# TASK PROMPT:
Below you will find a set of lines. Repeat them all exactly.
:::::
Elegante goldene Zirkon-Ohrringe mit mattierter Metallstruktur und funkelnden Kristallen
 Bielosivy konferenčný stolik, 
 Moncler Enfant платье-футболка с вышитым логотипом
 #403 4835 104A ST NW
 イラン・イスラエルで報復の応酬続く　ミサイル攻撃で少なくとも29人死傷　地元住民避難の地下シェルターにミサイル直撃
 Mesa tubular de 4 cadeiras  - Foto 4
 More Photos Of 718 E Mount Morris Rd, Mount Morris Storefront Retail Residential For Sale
:::::
# SOLUTION TO THE PROBLEM:
Elegante goldene Zirkon-Ohrringe mit mattierter Metallstruktur und funkelnden Kristallen
 Bielosivy konferenčný stolik, 
 Moncler Enfant платье-футболка с вышитым логотипом
 #403 4835 104A ST NW
 イラン・イスラエルで報復の応酬続く　ミサイル攻撃で少なくとも29人死傷　地元住民避難の地下シェルターにミサイル直撃
 Mesa tubular de 4 cadeiras  - Foto 4
 More Photos Of 718 E Mount Morris Rd, Mount Morris Storefront Retail Residential For Sale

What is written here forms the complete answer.